• _Task prompt_:
All the data should be repeated exactly. Any image in it is left out.

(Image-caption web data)
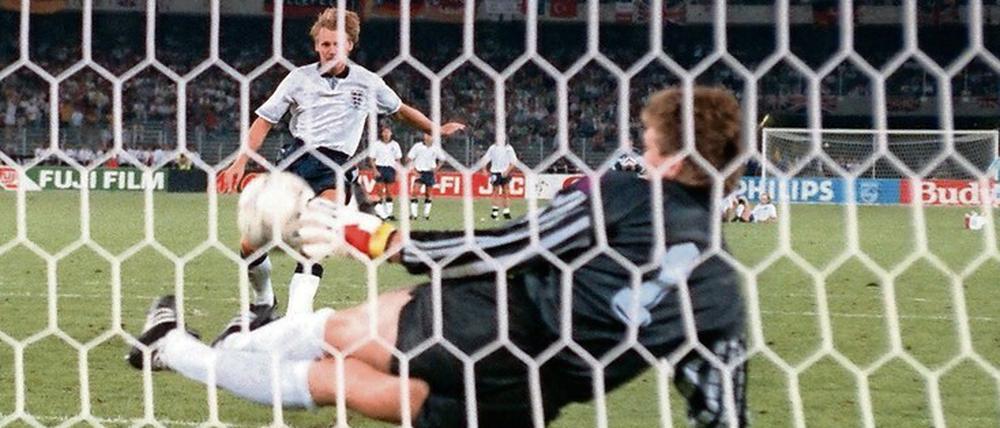 Zufall? 1990 pariert Bodo Illner Stuart Pearce’ Schuss im WM-Halbfinale.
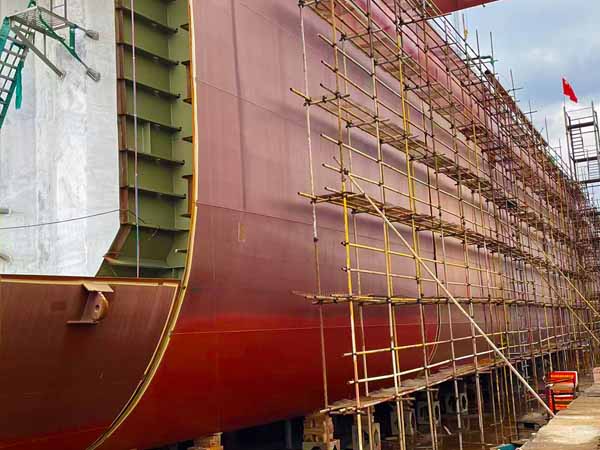 Applications of DNV Grade AH32 Shipbuilding Steel Plates in Commercial Ships and Offshore Engineering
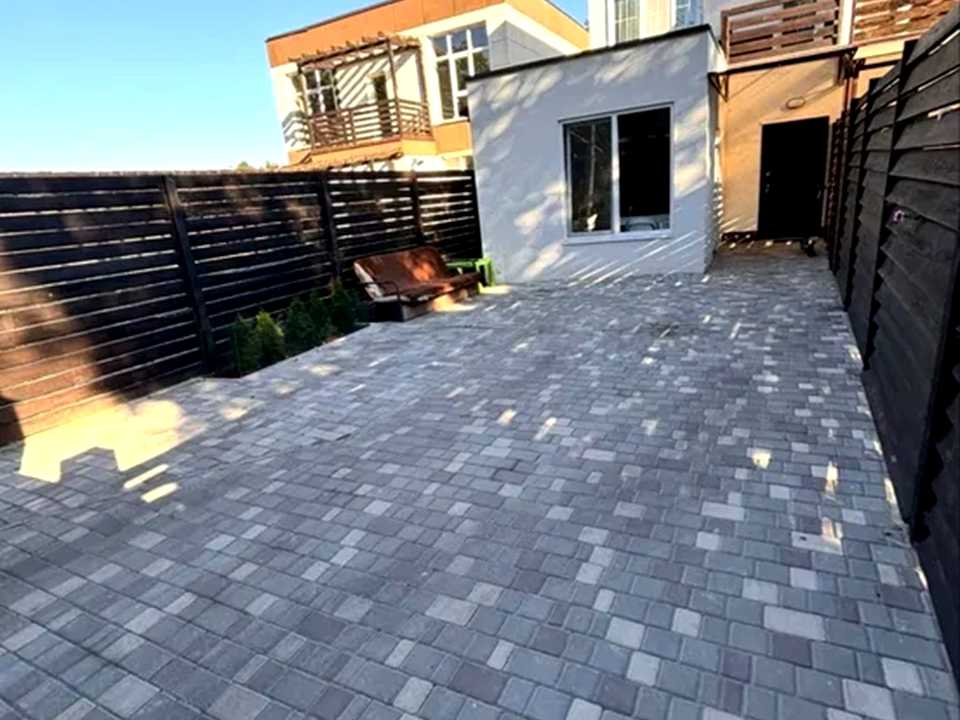 1876935243577040.jpg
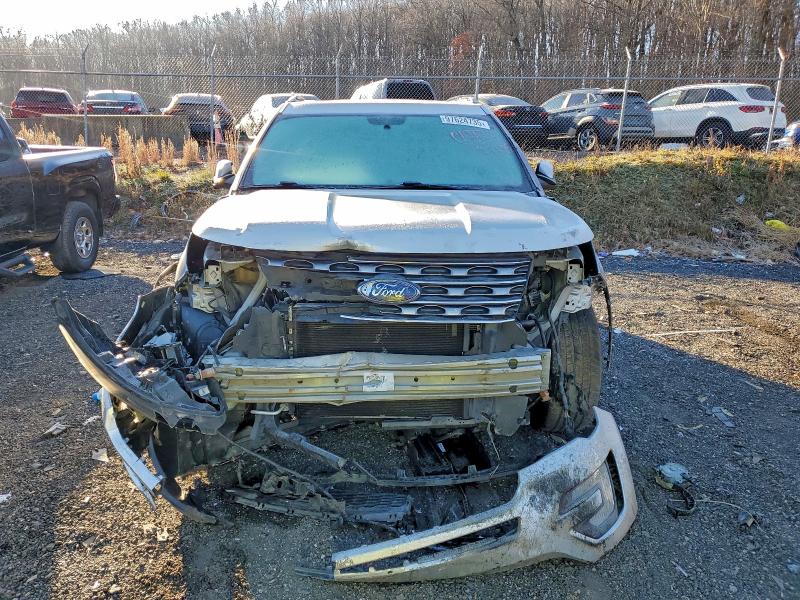 Photo 5 from auction – 2017 FORD EXPLORER L with VIN 1FM5K8F81HGC13579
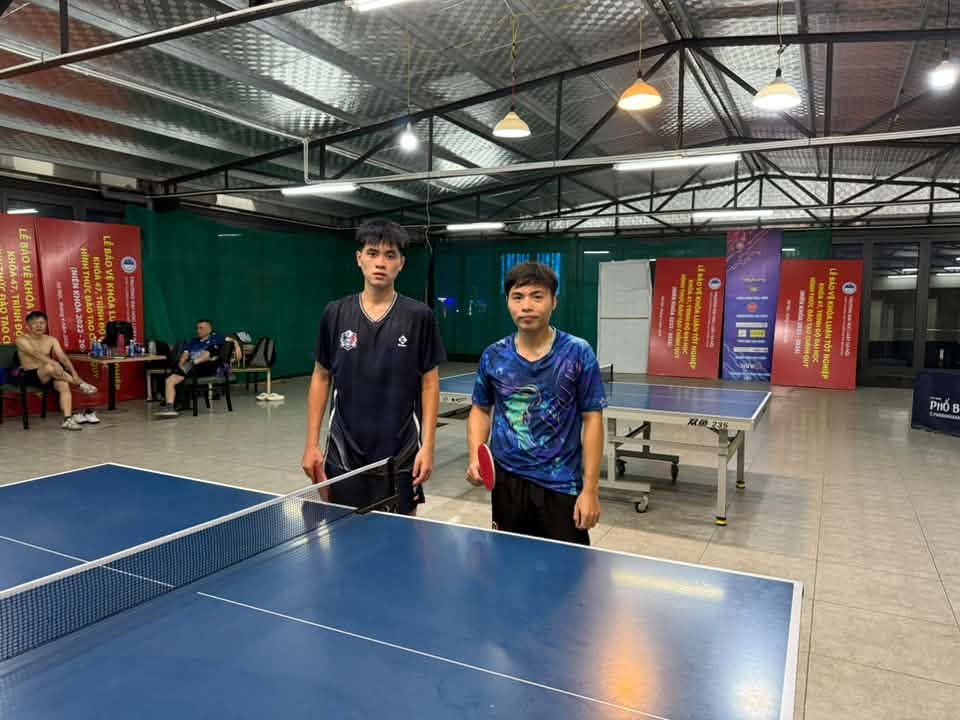 DH Luat HN - Anh em Nghia Tru 2.jpg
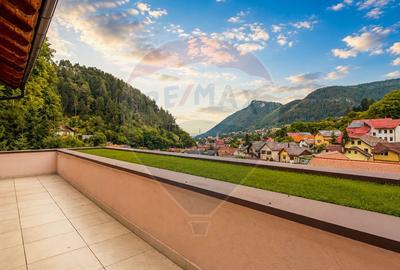 Penthouse cu 4 camere semidecomandat în Schei - 3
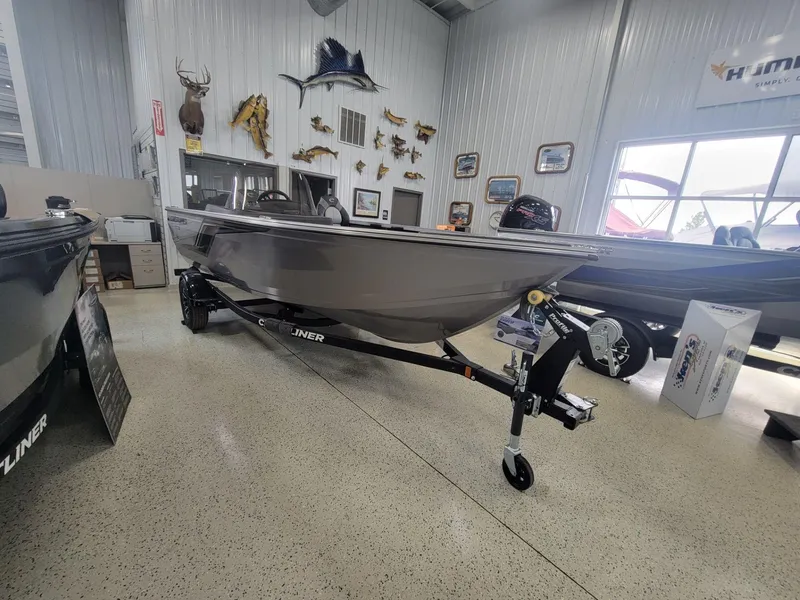 Slide: The Image of Crestliner 1650 HAWK SC 2025 - 4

• _Response area_:
 Zufall? 1990 pariert Bodo Illner Stuart Pearce’ Schuss im WM-Halbfinale.
 Applications of DNV Grade AH32 Shipbuilding Steel Plates in Commercial Ships and Offshore Engineering
 1876935243577040.jpg
 Photo 5 from auction – 2017 FORD EXPLORER L with VIN 1FM5K8F81HGC13579
 DH Luat HN - Anh em Nghia Tru 2.jpg
 Penthouse cu 4 camere semidecomandat în Schei - 3
 Slide: The Image of Crestliner 1650 HAWK SC 2025 - 4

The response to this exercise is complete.